Supplied data>
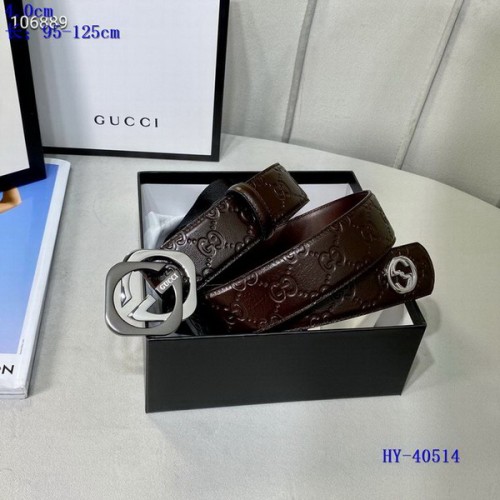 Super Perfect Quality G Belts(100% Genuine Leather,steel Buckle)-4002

...

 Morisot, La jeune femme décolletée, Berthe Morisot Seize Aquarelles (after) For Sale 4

--

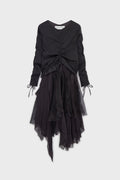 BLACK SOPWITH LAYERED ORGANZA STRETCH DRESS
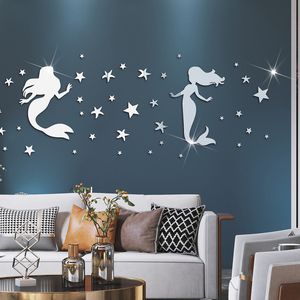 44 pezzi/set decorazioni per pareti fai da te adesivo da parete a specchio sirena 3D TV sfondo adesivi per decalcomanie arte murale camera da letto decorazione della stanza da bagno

Instructions to follow>
Please return the material above only from the line that holds "BLACK SOPWITH LAYERED ORGANZA STRETCH DRESS" through the line that holds "44 pezzi/set decorazioni", exactly as it stands, ends included and pictures omitted.

Response box>
 BLACK SOPWITH LAYERED ORGANZA STRETCH DRESS
 44 pezzi/set decorazioni per pareti fai da te adesivo da parete a specchio sirena 3D TV sfondo adesivi per decalcomanie arte murale camera da letto decorazione della stanza da bagno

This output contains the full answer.